## Recorded data

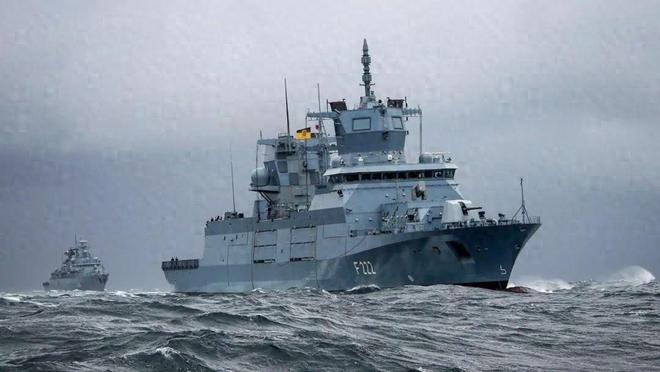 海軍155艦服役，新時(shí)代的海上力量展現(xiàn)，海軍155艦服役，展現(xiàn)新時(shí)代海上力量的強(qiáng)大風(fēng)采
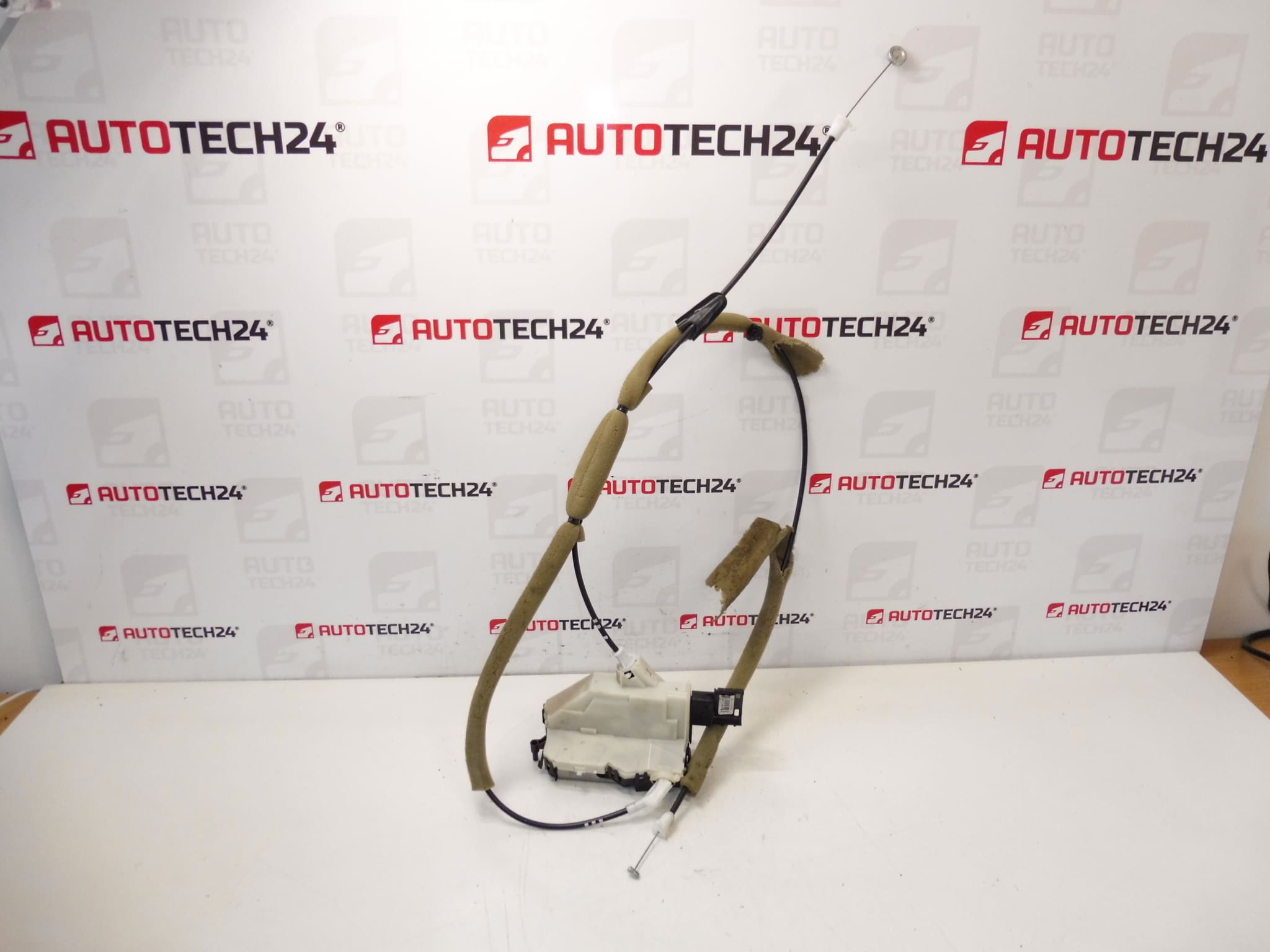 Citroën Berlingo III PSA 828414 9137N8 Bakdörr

---

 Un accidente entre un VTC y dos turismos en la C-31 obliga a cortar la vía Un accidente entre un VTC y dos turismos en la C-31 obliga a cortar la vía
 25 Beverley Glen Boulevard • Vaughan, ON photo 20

## Brief
Output exactly those lines of the data above that run from the line with "海軍155艦服役，新時(shí)代的" up to and including the line with "Citroën Berlingo III". No pictures go in.

## Response to the exercise
 海軍155艦服役，新時(shí)代的海上力量展現(xiàn)，海軍155艦服役，展現(xiàn)新時(shí)代海上力量的強(qiáng)大風(fēng)采
 Citroën Berlingo III PSA 828414 9137N8 Bakdörr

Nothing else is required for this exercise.